» ASSIGNED TASK:
Output the data in full. Keep every word exact and exclude the pictures.

» DATA PROVIDED:
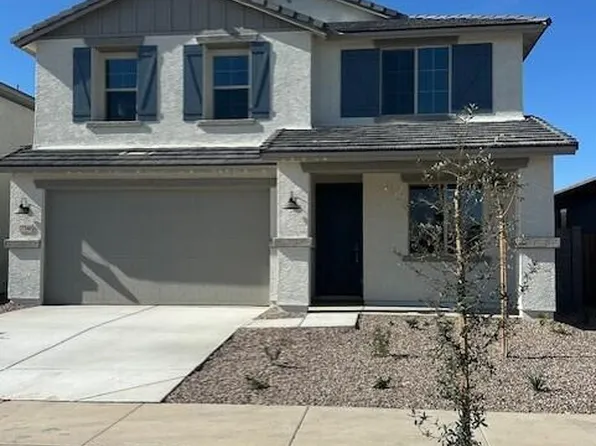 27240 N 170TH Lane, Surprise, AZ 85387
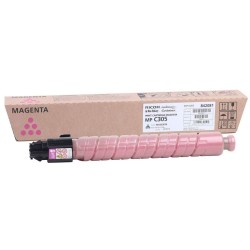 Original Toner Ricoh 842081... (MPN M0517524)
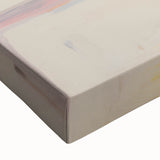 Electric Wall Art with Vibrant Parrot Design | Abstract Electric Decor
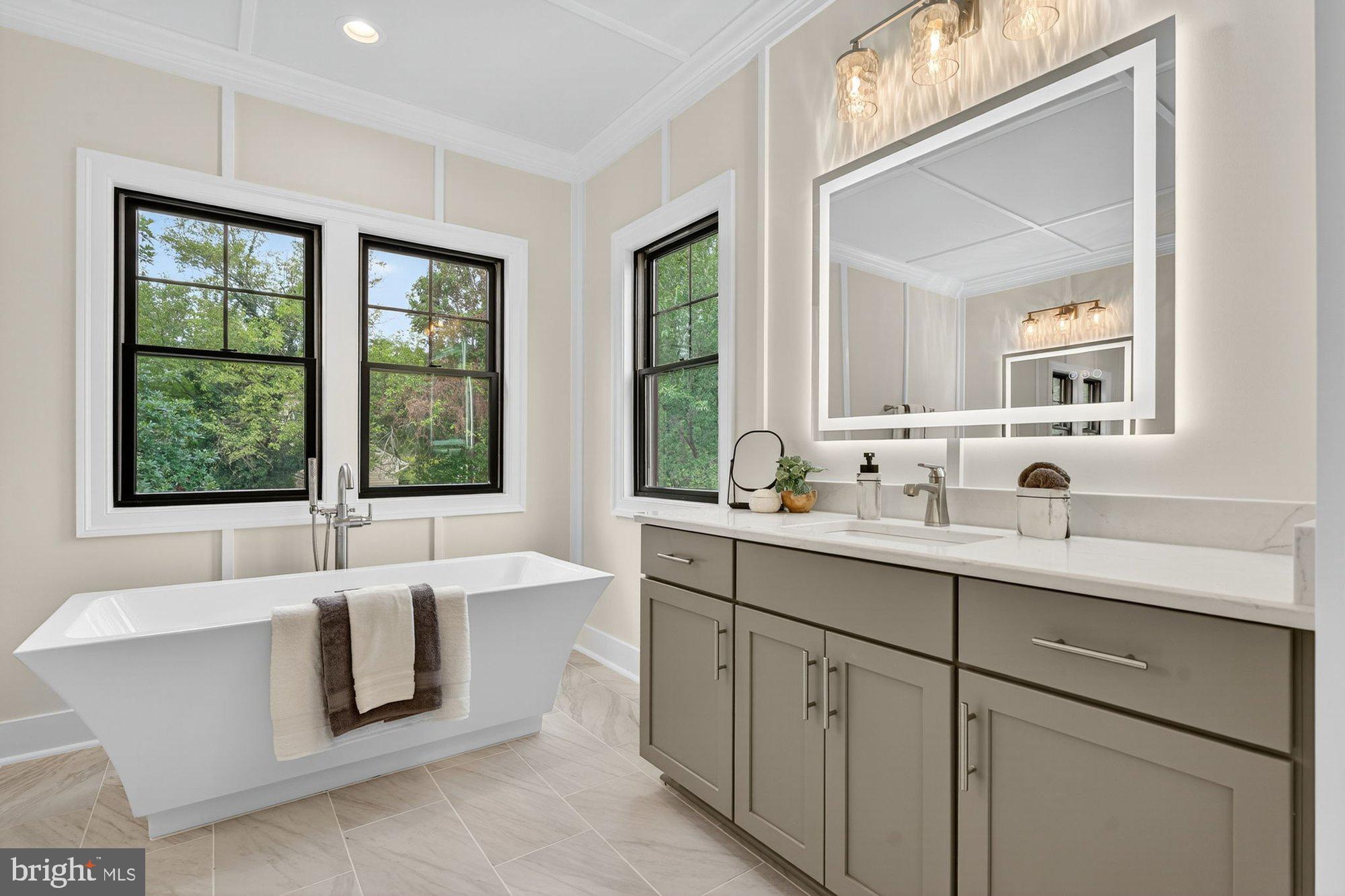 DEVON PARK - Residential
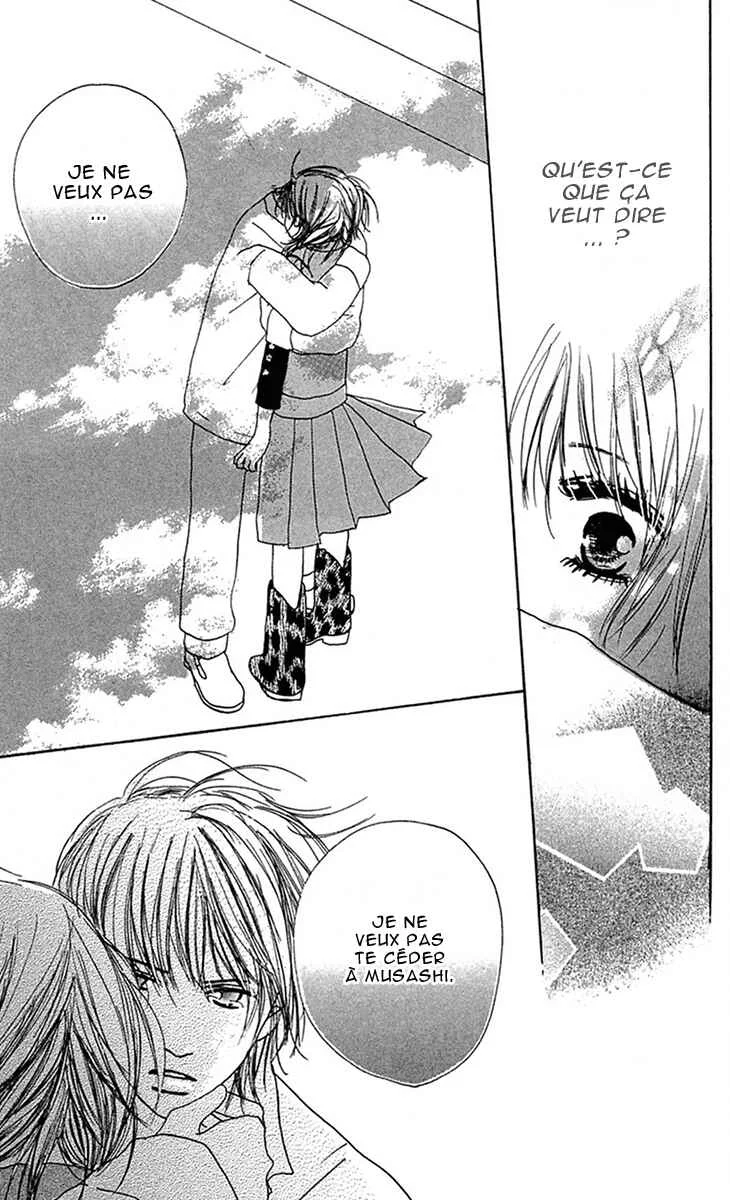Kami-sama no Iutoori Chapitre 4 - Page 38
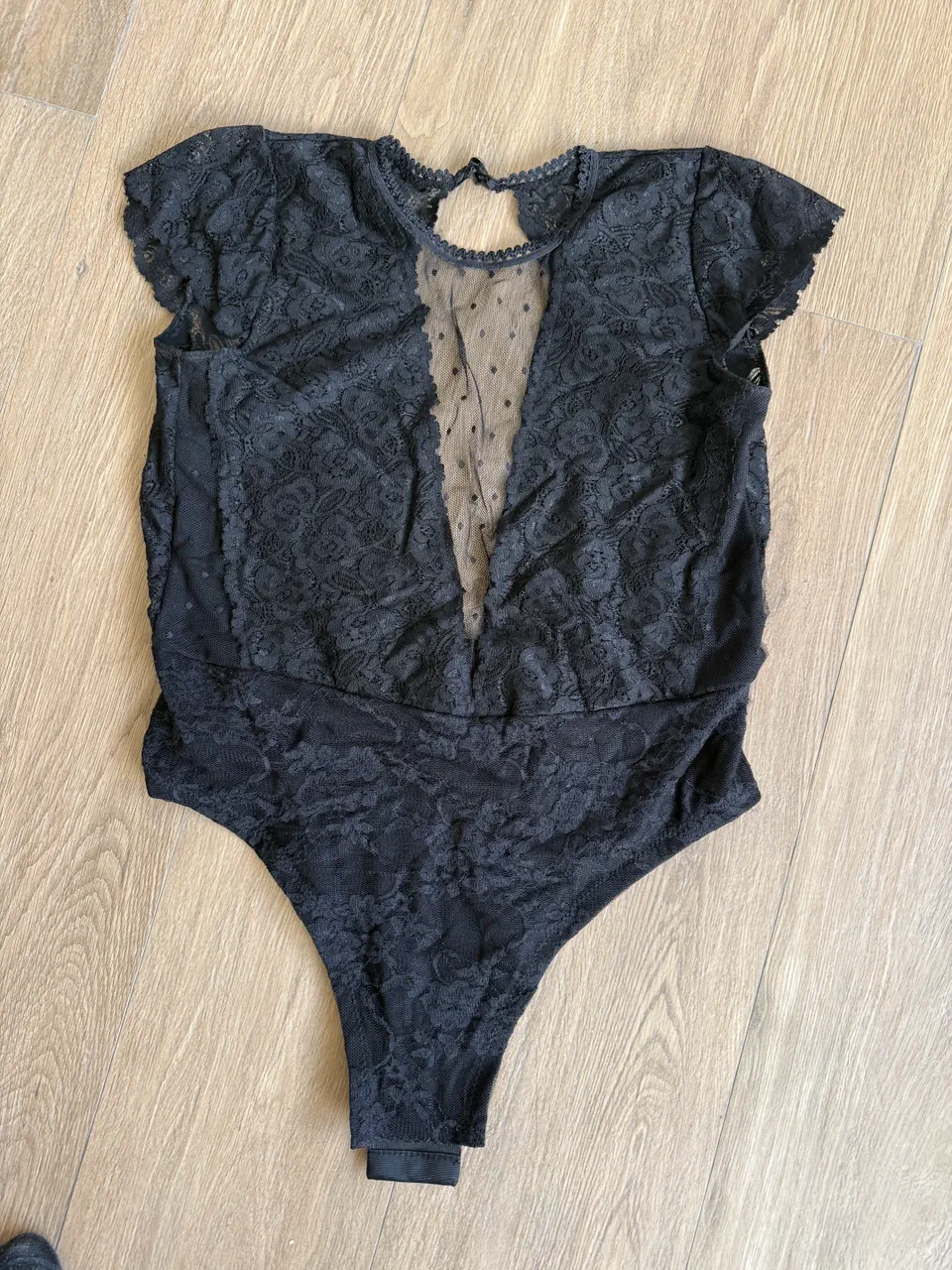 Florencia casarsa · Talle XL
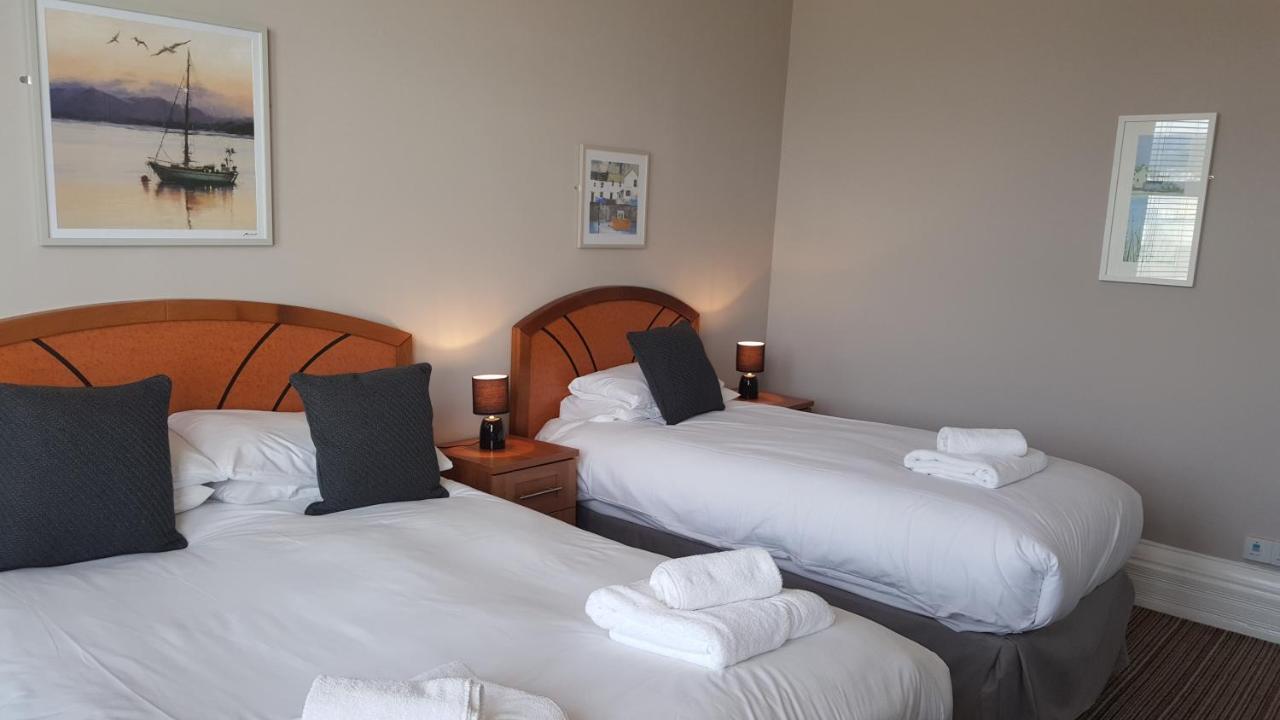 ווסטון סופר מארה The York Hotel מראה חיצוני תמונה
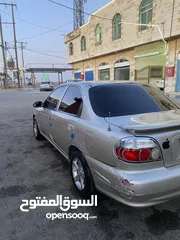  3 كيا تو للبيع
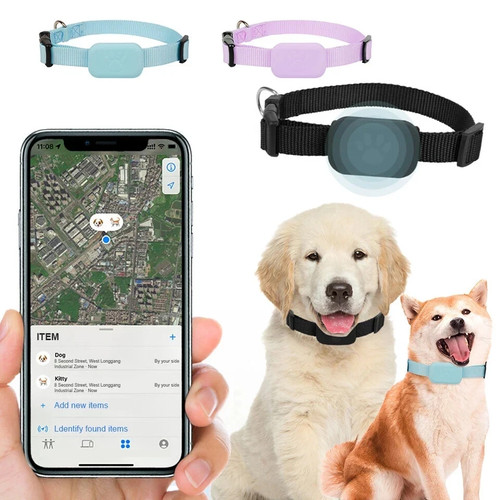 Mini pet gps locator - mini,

» COMPLETED TASK:
 27240 N 170TH Lane, Surprise, AZ 85387
 Original Toner Ricoh 842081... (MPN M0517524)
 Electric Wall Art with Vibrant Parrot Design | Abstract Electric Decor
 DEVON PARK - Residential
Kami-sama no Iutoori Chapitre 4 - Page 38
 Florencia casarsa · Talle XL
 ווסטון סופר מארה The York Hotel מראה חיצוני תמונה
  3 كيا تو للبيع
 Mini pet gps locator - mini,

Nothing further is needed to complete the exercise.